There are three videos from police body cameras and one from a police surveillance camera mounted on a pole. A body camera video showed Nichols escaped while on the ground. At least one officer was sprayed on Nichols during the first encounter, appearing to have been hit with the chemical irritant.
Nichols managed to make his way to his mother’s neighborhood, and was about 80 yards from her home when multiple officers were captured on video assaulting him as he repeatedly yelled “Mom!”
“I’ll take you—”
Body camera video cited by Hemphill’s attorney shows an officer arriving at a traffic stop and pointing a gun. Another yelled, “You’re going to blow up your a–.”
Video shows one of the officers pulling Nichols out of the car.
Video showed multiple officers circling around him as he fell to the ground. They sometimes shouted conflicting orders to him amidst the chaos.
“I’ll stalk your a-,” one officer yelled.
Officers yelled at Nichols, told him to lie on the ground and put his hands behind his back. The video shows him lying on his side on the ground with one officer holding his arm and another holding the other hand.
Nichols said, “Well, man, damn it!” At one point, “You guys are really doing a lot of stuff right now. … I just want to go home.
He told officers to yell at him: “I’m on the ground!” before appearing to be sprayed with a chemical irritant, the video shows.

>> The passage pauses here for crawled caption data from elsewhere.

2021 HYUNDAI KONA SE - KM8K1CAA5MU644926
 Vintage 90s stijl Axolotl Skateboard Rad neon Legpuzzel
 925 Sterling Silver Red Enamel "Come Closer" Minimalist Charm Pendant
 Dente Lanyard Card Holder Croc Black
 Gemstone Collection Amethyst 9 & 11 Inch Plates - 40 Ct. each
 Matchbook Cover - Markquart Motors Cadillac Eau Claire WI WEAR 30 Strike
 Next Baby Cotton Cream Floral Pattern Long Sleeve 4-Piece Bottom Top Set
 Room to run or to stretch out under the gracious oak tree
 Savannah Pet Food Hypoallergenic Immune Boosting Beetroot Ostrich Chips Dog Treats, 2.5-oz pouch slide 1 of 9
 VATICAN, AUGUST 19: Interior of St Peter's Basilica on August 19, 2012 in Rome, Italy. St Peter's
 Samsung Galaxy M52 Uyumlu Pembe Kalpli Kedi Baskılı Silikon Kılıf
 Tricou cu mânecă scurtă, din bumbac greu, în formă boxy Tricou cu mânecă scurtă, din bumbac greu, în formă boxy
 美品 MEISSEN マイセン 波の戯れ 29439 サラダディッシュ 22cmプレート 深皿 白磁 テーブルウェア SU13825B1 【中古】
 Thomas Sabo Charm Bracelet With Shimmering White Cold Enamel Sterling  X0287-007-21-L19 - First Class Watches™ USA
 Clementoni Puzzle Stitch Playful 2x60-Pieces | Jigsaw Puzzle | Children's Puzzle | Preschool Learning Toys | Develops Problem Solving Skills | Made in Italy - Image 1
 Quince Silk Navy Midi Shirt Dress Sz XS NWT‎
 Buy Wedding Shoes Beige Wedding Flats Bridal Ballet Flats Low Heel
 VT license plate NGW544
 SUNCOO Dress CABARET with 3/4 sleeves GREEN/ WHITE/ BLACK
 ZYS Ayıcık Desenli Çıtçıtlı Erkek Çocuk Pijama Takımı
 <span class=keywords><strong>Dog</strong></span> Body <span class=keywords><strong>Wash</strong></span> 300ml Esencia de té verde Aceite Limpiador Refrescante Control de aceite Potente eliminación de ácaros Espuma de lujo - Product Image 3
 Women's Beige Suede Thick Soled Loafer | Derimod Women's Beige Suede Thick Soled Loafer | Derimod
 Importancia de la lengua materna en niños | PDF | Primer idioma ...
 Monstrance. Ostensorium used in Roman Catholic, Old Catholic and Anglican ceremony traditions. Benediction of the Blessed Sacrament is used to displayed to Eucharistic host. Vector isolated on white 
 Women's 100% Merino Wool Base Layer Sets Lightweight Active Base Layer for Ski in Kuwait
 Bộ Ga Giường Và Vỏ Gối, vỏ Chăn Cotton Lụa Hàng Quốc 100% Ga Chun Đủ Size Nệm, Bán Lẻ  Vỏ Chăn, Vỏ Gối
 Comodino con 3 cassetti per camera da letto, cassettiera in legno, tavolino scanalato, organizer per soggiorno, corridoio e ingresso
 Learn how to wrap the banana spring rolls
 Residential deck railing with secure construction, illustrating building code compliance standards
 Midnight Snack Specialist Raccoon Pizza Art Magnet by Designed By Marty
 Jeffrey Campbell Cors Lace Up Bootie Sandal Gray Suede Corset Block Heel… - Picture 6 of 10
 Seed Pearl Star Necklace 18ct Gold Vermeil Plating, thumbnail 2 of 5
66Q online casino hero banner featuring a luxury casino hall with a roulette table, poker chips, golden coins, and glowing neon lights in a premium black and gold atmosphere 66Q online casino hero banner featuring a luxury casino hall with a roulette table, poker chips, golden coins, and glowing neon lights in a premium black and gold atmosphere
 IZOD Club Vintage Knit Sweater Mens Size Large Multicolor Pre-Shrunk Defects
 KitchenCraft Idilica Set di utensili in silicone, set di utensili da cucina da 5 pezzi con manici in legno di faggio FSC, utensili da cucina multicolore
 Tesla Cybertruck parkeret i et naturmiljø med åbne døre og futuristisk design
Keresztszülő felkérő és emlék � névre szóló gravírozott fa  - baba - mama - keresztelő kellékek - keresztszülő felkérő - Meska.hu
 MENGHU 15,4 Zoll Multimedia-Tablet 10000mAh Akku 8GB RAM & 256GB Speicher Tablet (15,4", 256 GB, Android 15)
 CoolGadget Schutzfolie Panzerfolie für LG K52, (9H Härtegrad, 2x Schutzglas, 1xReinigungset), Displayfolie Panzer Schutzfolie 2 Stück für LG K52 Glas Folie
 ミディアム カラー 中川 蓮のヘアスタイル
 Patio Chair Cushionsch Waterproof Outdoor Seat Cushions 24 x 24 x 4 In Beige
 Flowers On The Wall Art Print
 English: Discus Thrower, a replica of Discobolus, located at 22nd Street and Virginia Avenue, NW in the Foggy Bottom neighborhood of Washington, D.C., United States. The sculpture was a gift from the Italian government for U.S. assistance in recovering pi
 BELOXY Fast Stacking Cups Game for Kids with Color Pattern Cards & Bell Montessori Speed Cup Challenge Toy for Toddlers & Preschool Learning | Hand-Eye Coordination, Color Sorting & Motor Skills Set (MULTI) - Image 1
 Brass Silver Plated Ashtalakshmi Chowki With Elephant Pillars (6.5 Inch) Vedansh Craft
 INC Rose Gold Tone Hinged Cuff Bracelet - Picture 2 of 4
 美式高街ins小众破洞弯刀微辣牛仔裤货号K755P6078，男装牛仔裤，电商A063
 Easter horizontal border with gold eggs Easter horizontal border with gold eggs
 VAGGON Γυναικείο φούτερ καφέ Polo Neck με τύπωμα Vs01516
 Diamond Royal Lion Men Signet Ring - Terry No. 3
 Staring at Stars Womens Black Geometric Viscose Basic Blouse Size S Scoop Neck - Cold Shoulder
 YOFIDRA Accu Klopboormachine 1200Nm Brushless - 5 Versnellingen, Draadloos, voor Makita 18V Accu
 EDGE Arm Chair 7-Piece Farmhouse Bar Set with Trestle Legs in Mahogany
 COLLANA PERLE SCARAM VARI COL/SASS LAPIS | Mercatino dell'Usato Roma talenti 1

According to the video, Nichols managed to break free from the officers’ restraints as he struggled on the ground. An officer then fired a stun gun at him as he sprinted.
The video shows the officer chasing him for a short distance before stopping.
“Taser deployed,” the officer said, panting. He then described Nichols, giving the direction and street he was last seen running.
According to the video, the officer also said, “One of the forks hit the b——,” referring to the stun gun he fired.
Traffic stop fallout affects other agencies
The fallout from Nichols’ traffic stop and fatal beating has spread to other agencies beyond the Memphis Police Department.
Three fire department employees were fired Monday after being accused of violating “numerous” department policies and protocols, the agency said in a statement.
The department did not provide a list of charges. It said two of the employees – both EMTs – “failed to conduct an adequate patient assessment of Mr Nichols.”
A third employee, a lieutenant, remained in the vehicle, the department said.
Two Shelby County Sheriff’s deputies have also been removed pending an administrative investigation related to Nichols’ death Announce Friday night after watching the video for the first time.
Bonner said he was “concerned about the two deputies who were present after police officers got into a physical altercation with Tyre Nichols.”
Bonner said the investigation will look into their actions to determine what happened and whether any policies were violated.